At the first stage, I want to test that my setup of the pipeline is correct in the following sense:
- existence of tasks (i.e. all tasks that should be run are present in the pipeline)
- dependency relations of tasks
- each task will produce correct output, assuming certain input
Especially the last point gives me some difficulty:
I have managed to make the pipeline deterministic without having to run it, i.e. if I just do a printout, I get all the input and output files.
But instead of going through the output from the printout manually, I would like to write some tests that can be run automatically.
I think that running a printout, capturing the output, parsing it and using that for automated tests is not really optimal.
Instead, I would love to be able to programmatically, within python, get the information that I see during a printout, i.e.
- the task names in order of being run
- input files for each task
- output files for each task
To achieve this at the moment, I could for example mimic the function `pipeline_printout`, but then I'm using unexposed methods, like `_pipeline_prepare_to_run`.

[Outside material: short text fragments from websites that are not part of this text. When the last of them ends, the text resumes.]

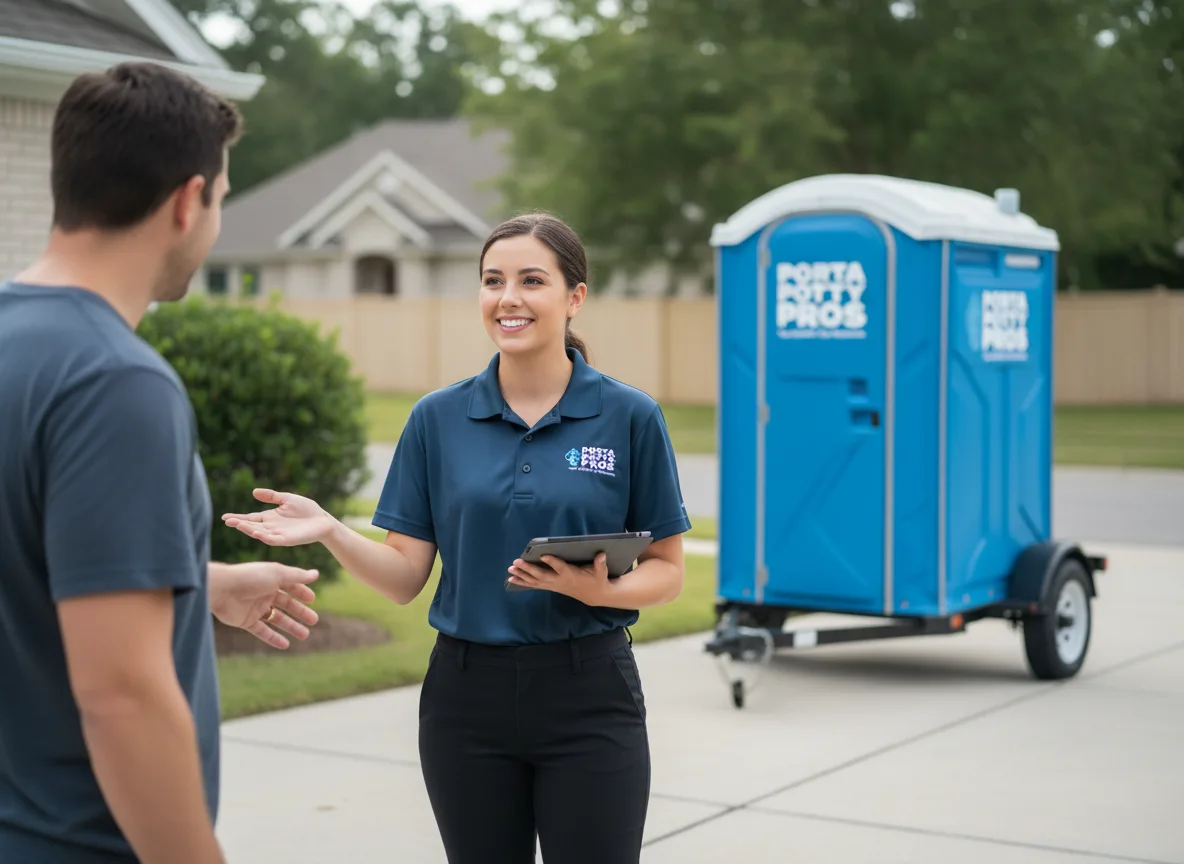 Porta Potty Rental Norton, TX FAQs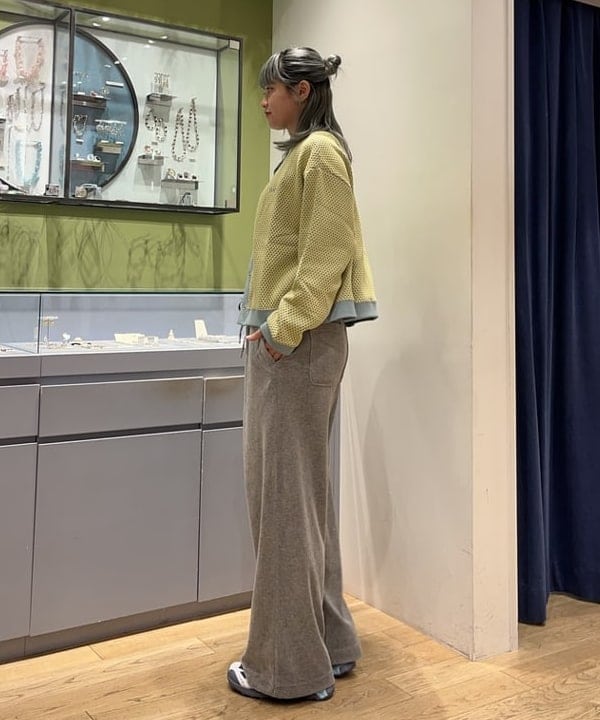 ゆいさんの「BEAMS WOMEN｜Lee / KNIT JACQUARD CARDIGAN」を使ったコーディネート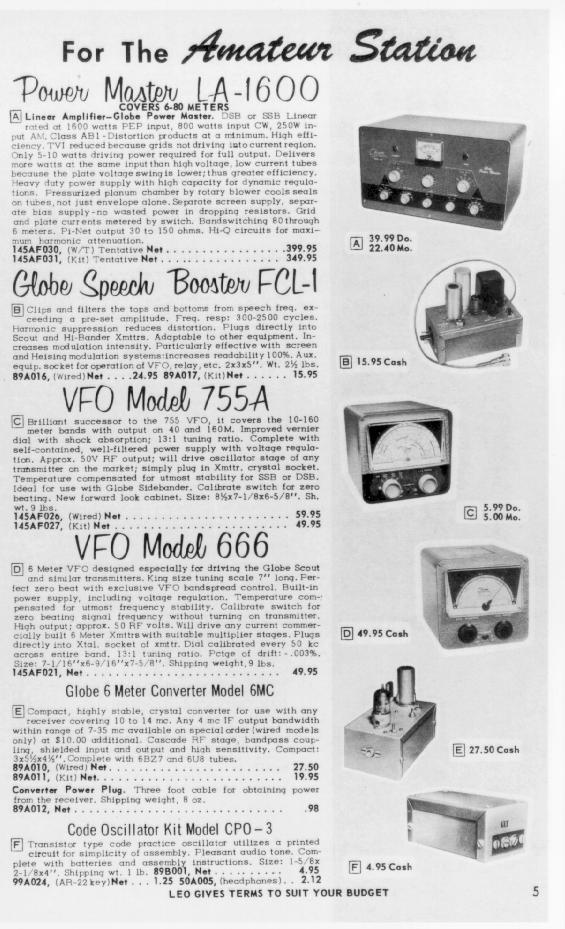 Power Master LA-1600 and other gear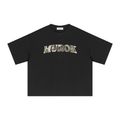 MUROK Camo Boxy Oversized T-Shirt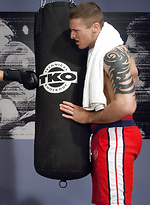 Crazy fuck in a boxing shool. by Hot House Backroom With Lance Luciano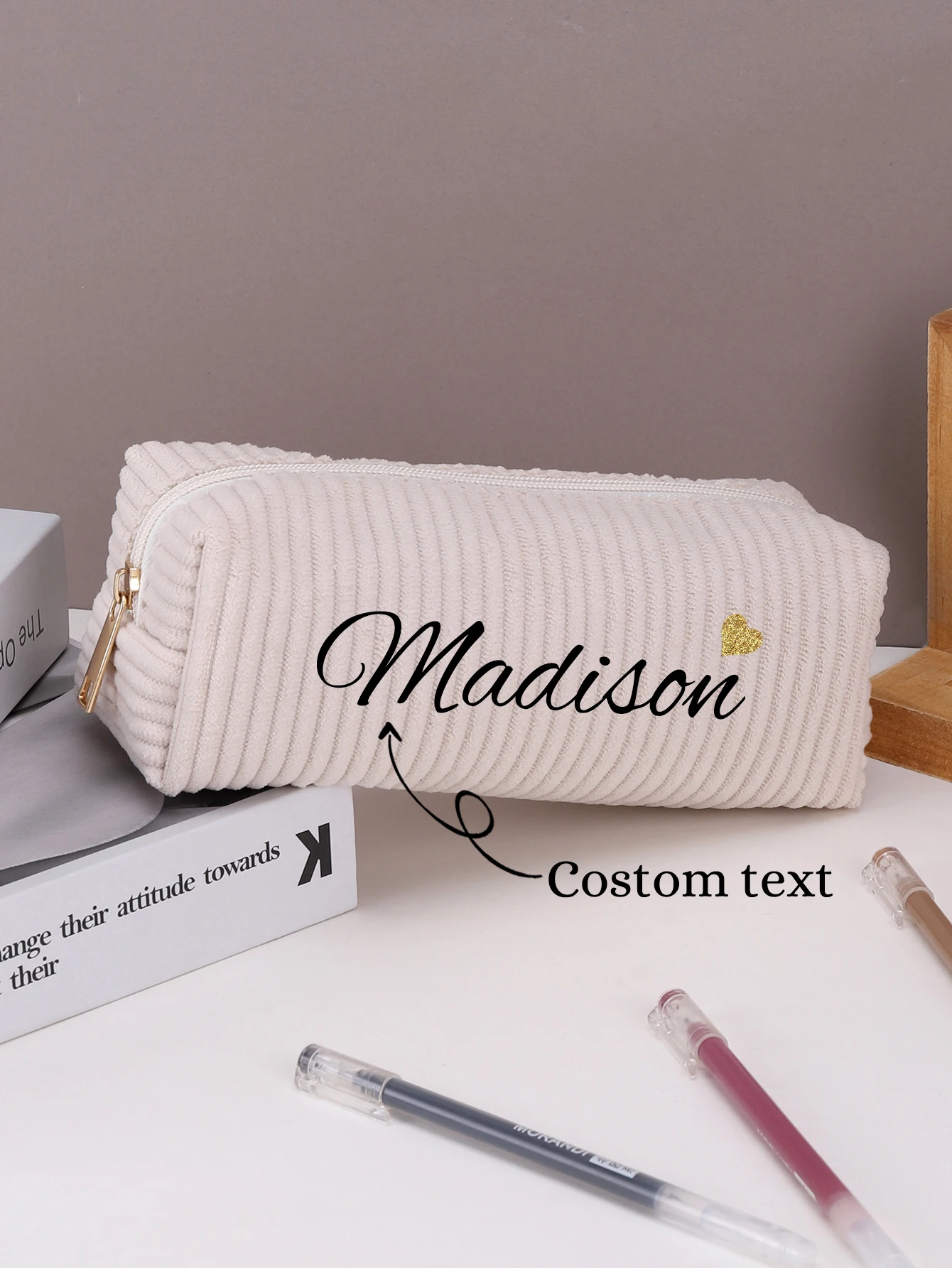 Персонализированный вельветовы – обзор и цена Pencil Case Large
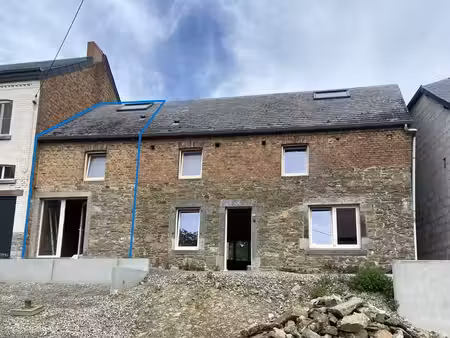 maison/duplex en rénovation 2 chambres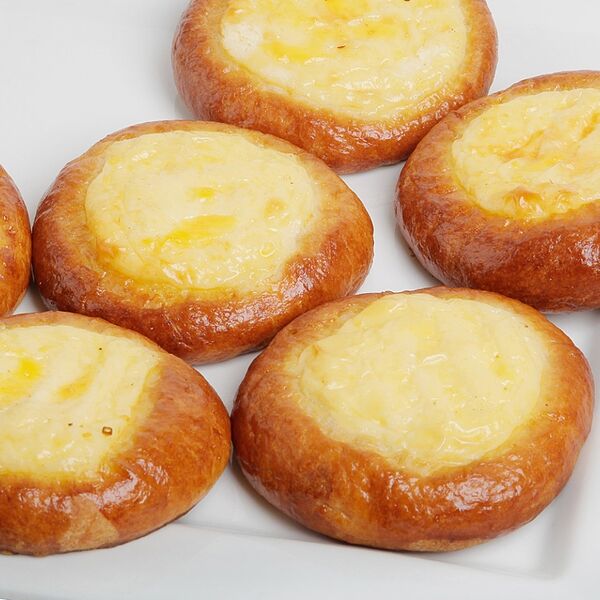 Ватрушка Азбука Вкуса с творогом от шеф-пекаря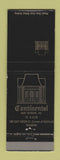 Matchbook Cover - Continental Hair Salon Pasadena CA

While the ruffus code doesn't seem to be changing too much lately, a certain stability for these may be assumed, yet it would be nice to have an "official" way of achieving this : )
This might also be connected to
this issue - we solve status reporting using an own reporter, calling it in @posttask. If the information I need, or more generally the state of the pipeline and of tasks, were exposed, it would be easy to write custom status reporting and write automated tests.
Cheers,
Valentin